WORK REQUIRED. Copy word for word the lines of the records below, beginning at the one with "Oggi ne ho utilizzati" and finishing at the one with "Make sure you", ends included, but none of the pictures.

[[ PROVIDED DATA, beginning ]]

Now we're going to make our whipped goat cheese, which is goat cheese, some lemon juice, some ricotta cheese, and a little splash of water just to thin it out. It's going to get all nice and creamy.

[[ PROVIDED DATA, end ]]
[[ PROVIDED DATA, beginning ]]

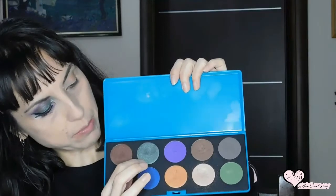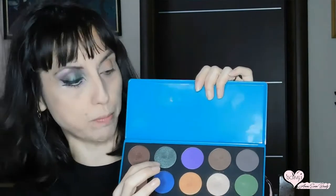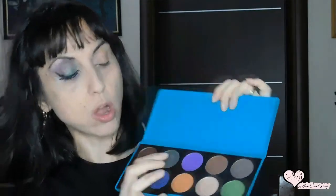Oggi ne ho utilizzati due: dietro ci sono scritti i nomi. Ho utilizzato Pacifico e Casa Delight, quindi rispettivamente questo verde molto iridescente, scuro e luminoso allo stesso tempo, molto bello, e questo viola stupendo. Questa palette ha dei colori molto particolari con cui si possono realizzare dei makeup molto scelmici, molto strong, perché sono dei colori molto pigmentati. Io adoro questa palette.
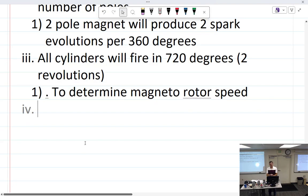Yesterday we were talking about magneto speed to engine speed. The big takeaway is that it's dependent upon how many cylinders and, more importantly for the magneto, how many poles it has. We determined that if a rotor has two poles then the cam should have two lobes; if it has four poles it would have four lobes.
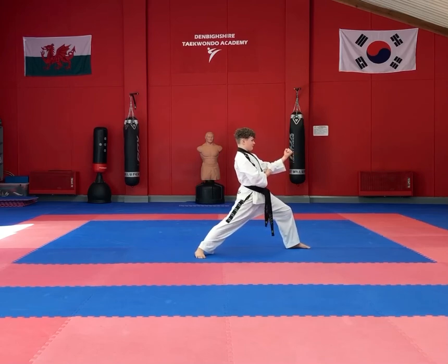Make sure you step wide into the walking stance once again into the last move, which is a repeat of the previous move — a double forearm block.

[[ PROVIDED DATA, end ]]

RESPONSE AREA.
Oggi ne ho utilizzati due: dietro ci sono scritti i nomi. Ho utilizzato Pacifico e Casa Delight, quindi rispettivamente questo verde molto iridescente, scuro e luminoso allo stesso tempo, molto bello, e questo viola stupendo. Questa palette ha dei colori molto particolari con cui si possono realizzare dei makeup molto scelmici, molto strong, perché sono dei colori molto pigmentati. Io adoro questa palette.
Yesterday we were talking about magneto speed to engine speed. The big takeaway is that it's dependent upon how many cylinders and, more importantly for the magneto, how many poles it has. We determined that if a rotor has two poles then the cam should have two lobes; if it has four poles it would have four lobes.
Make sure you step wide into the walking stance once again into the last move, which is a repeat of the previous move — a double forearm block.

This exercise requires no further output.